PROBLEM TO SOLVE: From the first line of the data through the line containing "Spring Addition Flower", return each line exactly.

THE INPUT:
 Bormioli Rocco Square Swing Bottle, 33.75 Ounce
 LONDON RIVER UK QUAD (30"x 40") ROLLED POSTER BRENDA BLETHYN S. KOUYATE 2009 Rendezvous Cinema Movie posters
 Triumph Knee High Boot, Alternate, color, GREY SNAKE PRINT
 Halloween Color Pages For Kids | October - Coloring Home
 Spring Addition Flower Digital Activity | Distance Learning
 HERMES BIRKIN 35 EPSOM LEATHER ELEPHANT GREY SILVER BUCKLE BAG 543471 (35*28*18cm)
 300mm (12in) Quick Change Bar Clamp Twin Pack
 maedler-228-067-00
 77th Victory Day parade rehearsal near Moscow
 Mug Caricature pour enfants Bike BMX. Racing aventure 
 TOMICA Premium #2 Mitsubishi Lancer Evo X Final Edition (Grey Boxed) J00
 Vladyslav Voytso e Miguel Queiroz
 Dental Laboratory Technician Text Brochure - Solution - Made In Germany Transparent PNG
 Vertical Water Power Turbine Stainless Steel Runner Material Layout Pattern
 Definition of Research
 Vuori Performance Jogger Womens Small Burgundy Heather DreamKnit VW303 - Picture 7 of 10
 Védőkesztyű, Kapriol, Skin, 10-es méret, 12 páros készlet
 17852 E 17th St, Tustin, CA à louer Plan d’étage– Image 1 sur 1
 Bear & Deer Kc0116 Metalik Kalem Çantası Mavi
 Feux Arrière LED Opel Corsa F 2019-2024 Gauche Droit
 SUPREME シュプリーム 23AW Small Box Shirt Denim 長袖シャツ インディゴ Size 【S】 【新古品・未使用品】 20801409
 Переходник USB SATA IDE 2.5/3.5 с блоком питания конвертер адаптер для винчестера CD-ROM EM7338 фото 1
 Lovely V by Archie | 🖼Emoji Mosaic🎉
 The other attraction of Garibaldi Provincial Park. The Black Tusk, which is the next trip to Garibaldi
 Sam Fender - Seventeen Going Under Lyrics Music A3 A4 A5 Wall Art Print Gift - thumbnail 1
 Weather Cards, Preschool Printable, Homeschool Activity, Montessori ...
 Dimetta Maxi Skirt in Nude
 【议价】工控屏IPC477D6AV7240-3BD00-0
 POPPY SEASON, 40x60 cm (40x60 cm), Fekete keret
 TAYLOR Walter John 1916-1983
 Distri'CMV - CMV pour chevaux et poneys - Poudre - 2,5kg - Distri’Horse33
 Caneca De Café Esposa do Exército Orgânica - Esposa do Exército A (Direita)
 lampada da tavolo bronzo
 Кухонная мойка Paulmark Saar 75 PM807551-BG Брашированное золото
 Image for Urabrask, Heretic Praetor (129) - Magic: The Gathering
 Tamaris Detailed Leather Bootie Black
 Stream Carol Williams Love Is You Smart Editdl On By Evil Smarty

RESPONSE BELOW:
 Bormioli Rocco Square Swing Bottle, 33.75 Ounce
 LONDON RIVER UK QUAD (30"x 40") ROLLED POSTER BRENDA BLETHYN S. KOUYATE 2009 Rendezvous Cinema Movie posters
 Triumph Knee High Boot, Alternate, color, GREY SNAKE PRINT
 Halloween Color Pages For Kids | October - Coloring Home
 Spring Addition Flower Digital Activity | Distance Learning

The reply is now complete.